• **Directions for this task**
Retype nothing except the lines below from the one with "Una mujer de" through the one with "Fishing boat and", exactly, with images left out.

• **Dataset records**
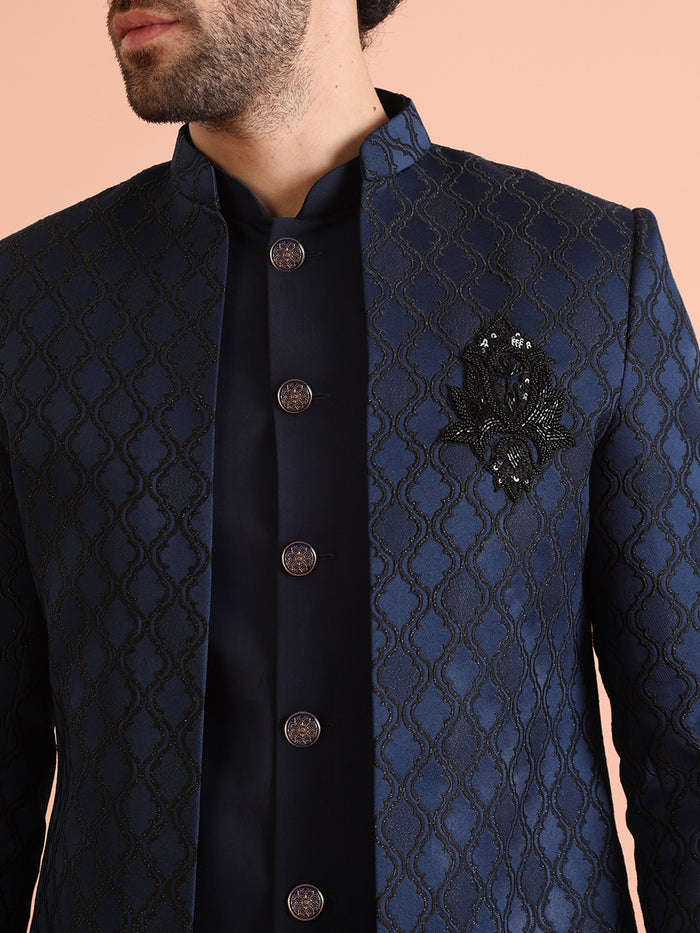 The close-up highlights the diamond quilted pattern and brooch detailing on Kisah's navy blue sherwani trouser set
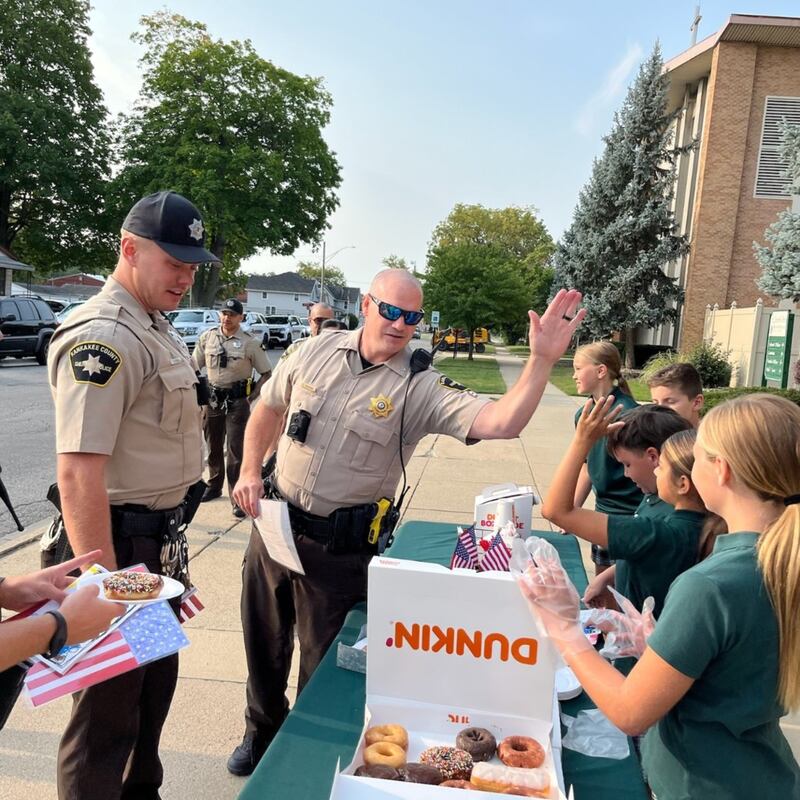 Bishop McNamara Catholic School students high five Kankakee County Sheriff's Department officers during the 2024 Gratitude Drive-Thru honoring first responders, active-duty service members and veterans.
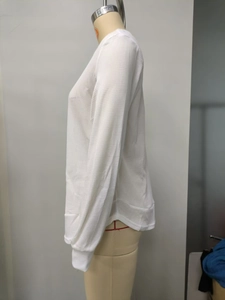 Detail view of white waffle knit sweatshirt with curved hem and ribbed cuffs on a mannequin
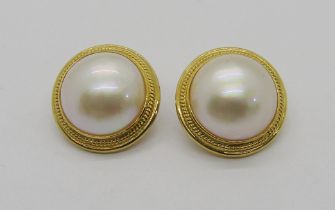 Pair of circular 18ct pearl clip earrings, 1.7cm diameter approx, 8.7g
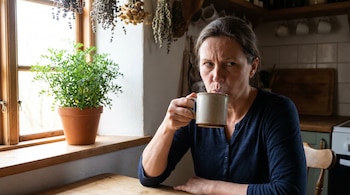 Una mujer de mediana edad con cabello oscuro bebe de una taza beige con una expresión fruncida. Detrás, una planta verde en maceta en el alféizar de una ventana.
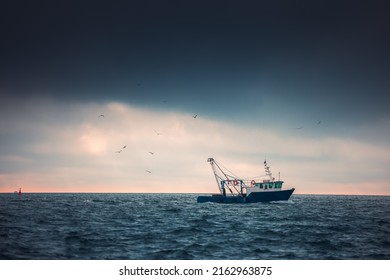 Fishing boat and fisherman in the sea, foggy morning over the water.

...

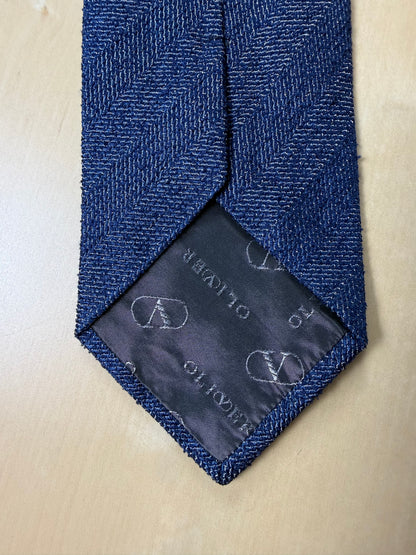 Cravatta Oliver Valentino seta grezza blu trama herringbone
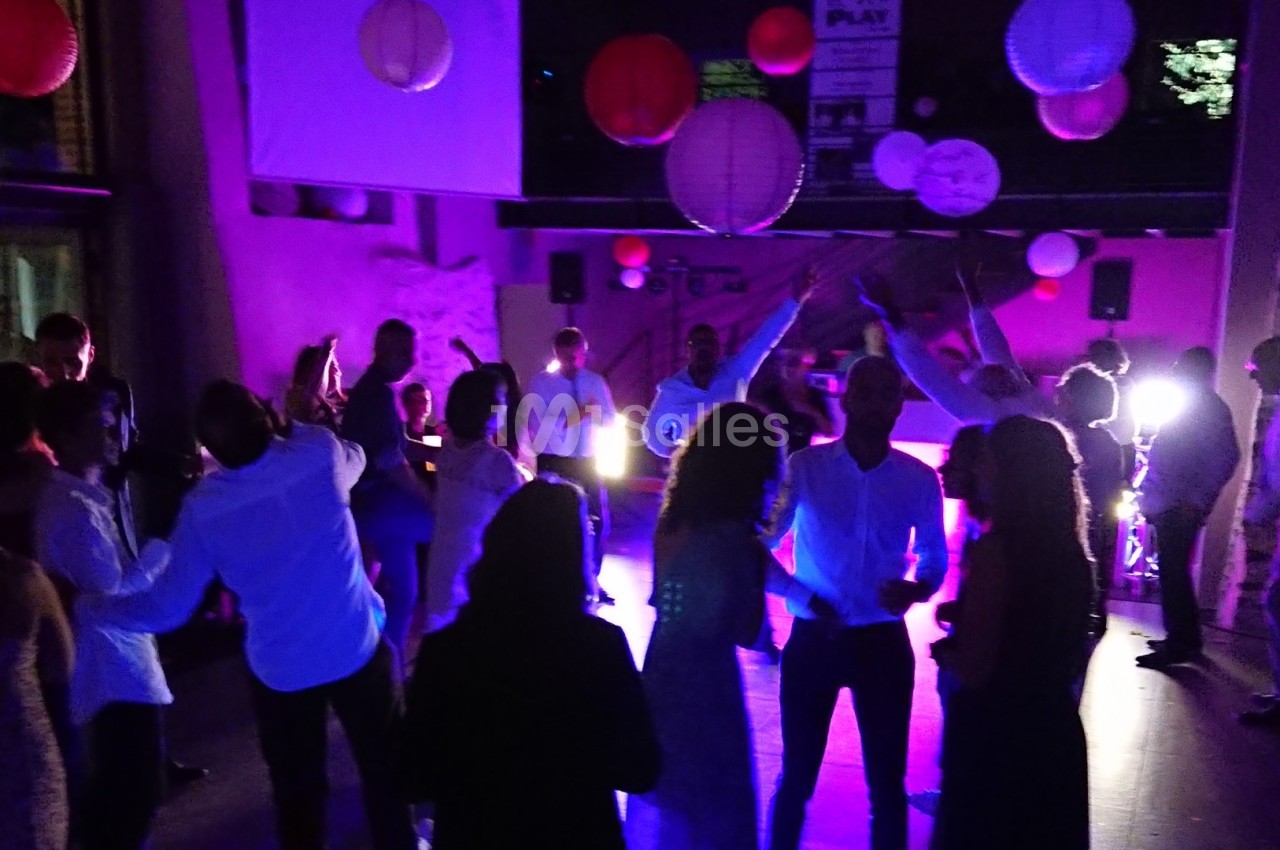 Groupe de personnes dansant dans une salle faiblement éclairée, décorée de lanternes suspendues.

• **Result**
 Una mujer de mediana edad con cabello oscuro bebe de una taza beige con una expresión fruncida. Detrás, una planta verde en maceta en el alféizar de una ventana.
 Fishing boat and fisherman in the sea, foggy morning over the water.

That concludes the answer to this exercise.